Manual

The CLI, preprocessor, runtime, helpers, and conventions. (For Num/Sym/Data column types, see dotcols.)

dot — the CLI

One self-contained bash script (~280 lines). Bundles the preprocessor, runtime, helpers, and Num/Sym types as embedded heredocs. No directory, no Makefile.

dot FILE.awk [DATA...]    # run rewritten FILE.awk on DATA (or stdin)
dot a.awk b.awk DATA      # multi-file run; .awk args go through prep
cat DATA | dot FILE.awk   # stdin works too
dot -c FILE.awk           # print rewritten source only
dot --demo NAME [DATA]    # run demos/NAME/*.awk on DATA (or sample.*; pass `-` for stdin)
dot --demos               # list available demos under ./demos/
dot --show                # dump bundled lib/*.awk (post-prep)
dot --help                # full help

Arg dispatch: any *.awk argument is preprocessed and added as a -f source; everything else becomes a data file.
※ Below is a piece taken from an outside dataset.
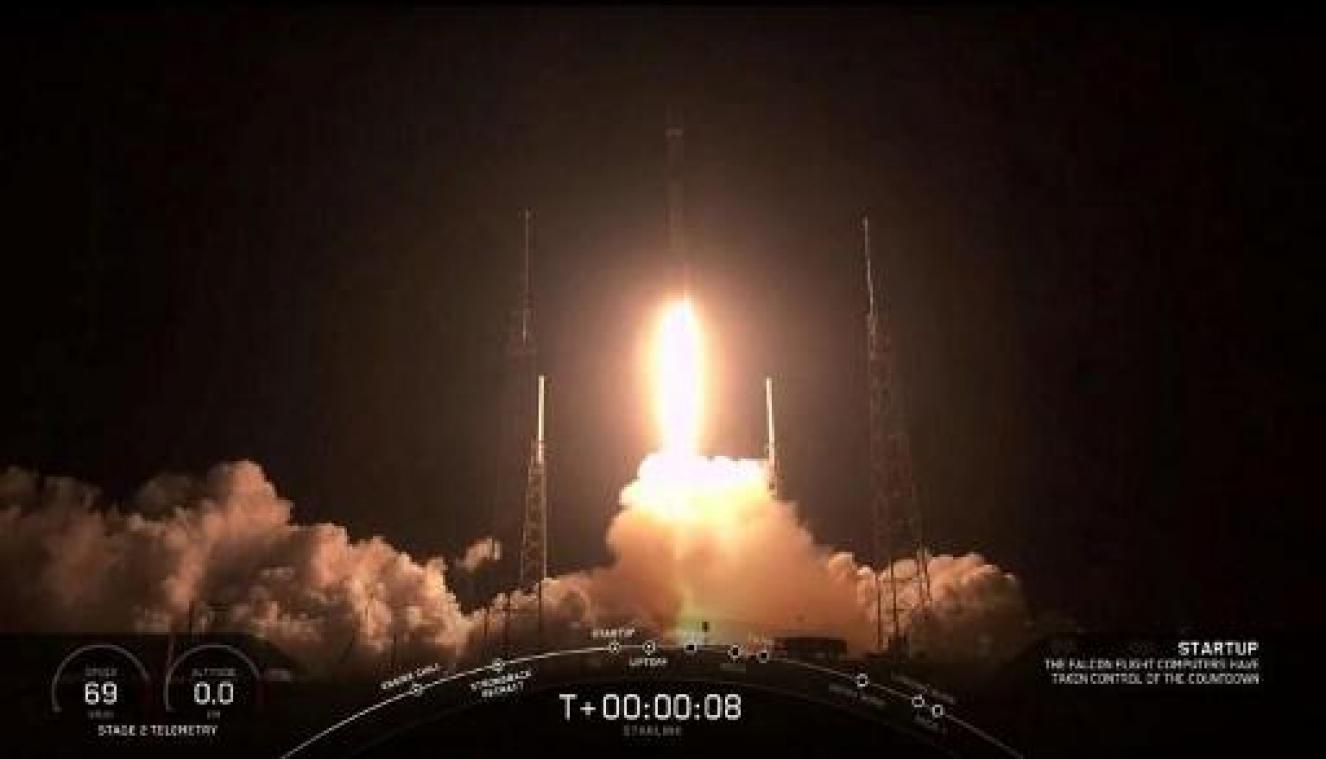 SpaceX lanceert eerste reeks satellieten voor snel internet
The bundled runtime is always loaded first. User .awk files are written to ${TMPDIR}/dot.XXXX/<basename> before gawk -f picks them up — that way error messages preserve the original filename and line number.
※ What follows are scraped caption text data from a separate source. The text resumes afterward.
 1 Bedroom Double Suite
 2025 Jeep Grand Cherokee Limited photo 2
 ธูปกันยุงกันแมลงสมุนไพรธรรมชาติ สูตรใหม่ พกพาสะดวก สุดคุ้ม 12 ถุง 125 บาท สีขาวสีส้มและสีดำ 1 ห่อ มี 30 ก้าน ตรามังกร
Built from the modular sources by build.sh. Edit a source file, run ./build.sh, get a rebuilt dot.

Preprocessor

Two rewrites applied to source before gawk sees it. A "value-char" is anything in [A-Za-z0-9_])]. So it.x rewrites; .x at line start does not.

Source
.it.cols
.d.rows[r][i]
.d
new(.d.ykind)
After prep
it["cols"]
d["rows"][r][i]
HEAP[d]
new(HEAP[d]["ykind"])

Run the preprocessor manually with dot -c file.awk (one file) or dot --show (bundled libs).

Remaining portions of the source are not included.